(Records to use Opens)
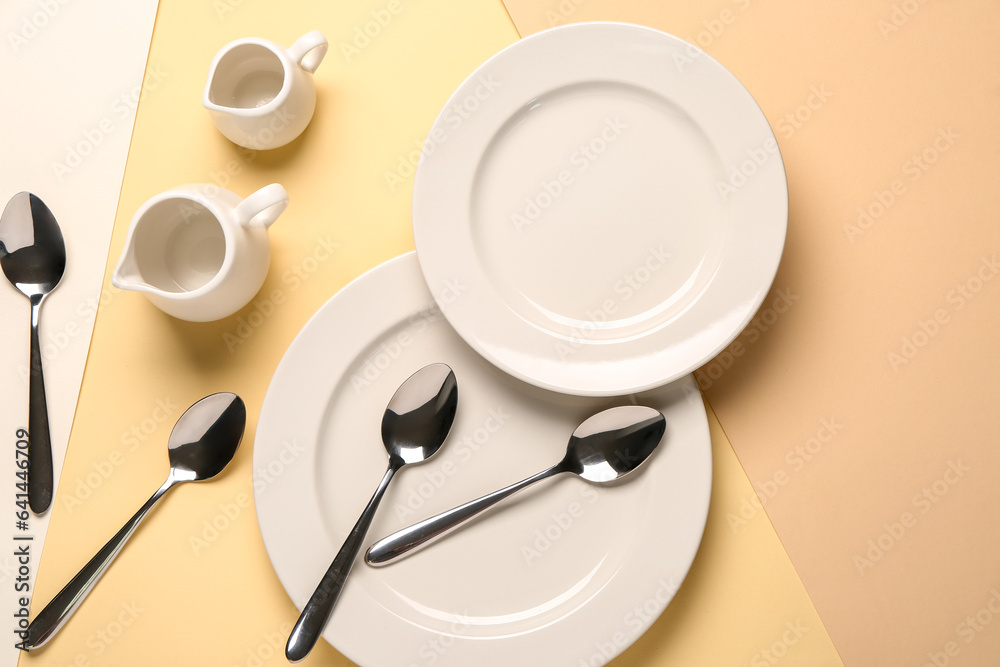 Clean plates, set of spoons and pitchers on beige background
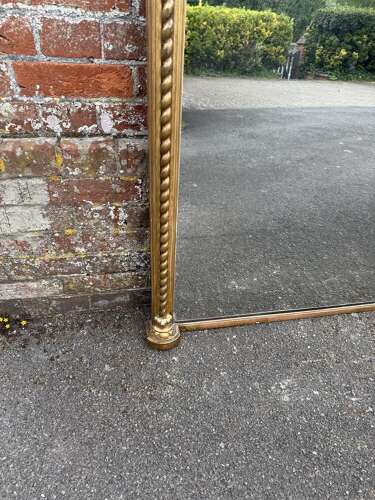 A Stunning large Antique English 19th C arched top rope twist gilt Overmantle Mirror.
(Records to use Closes)
(Records to use Opens)
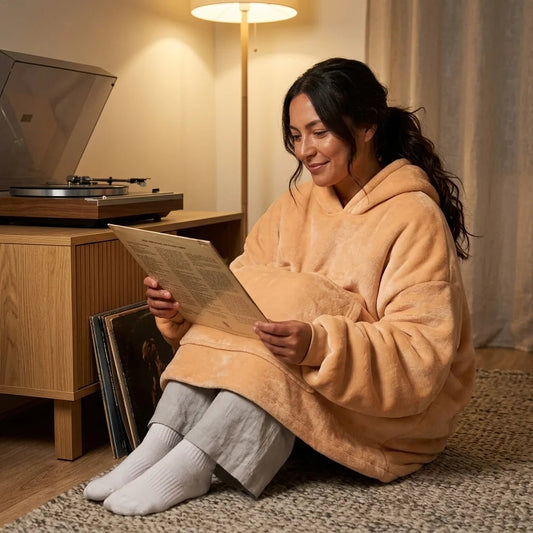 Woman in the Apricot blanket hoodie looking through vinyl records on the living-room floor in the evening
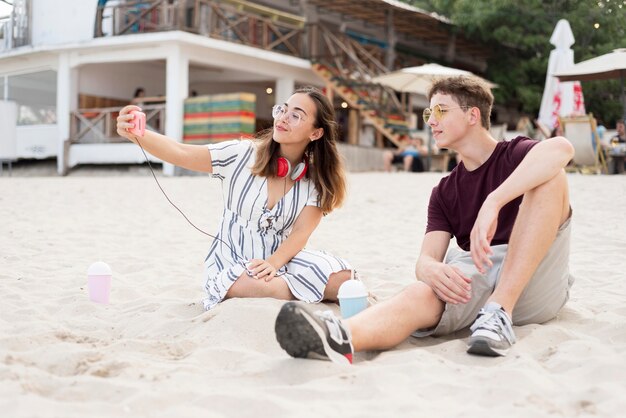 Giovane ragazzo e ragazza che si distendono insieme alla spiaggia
(Records to use Closes)
- **Exercise goal**: Your task is to copy only the lines above starting at the one containing "Woman in the" and ending at the one containing "Giovane ragazzo e". Copy them exactly, both ends included, and omit the pictures.

- **Task output**:
 Woman in the Apricot blanket hoodie looking through vinyl records on the living-room floor in the evening
 Giovane ragazzo e ragazza che si distendono insieme alla spiaggia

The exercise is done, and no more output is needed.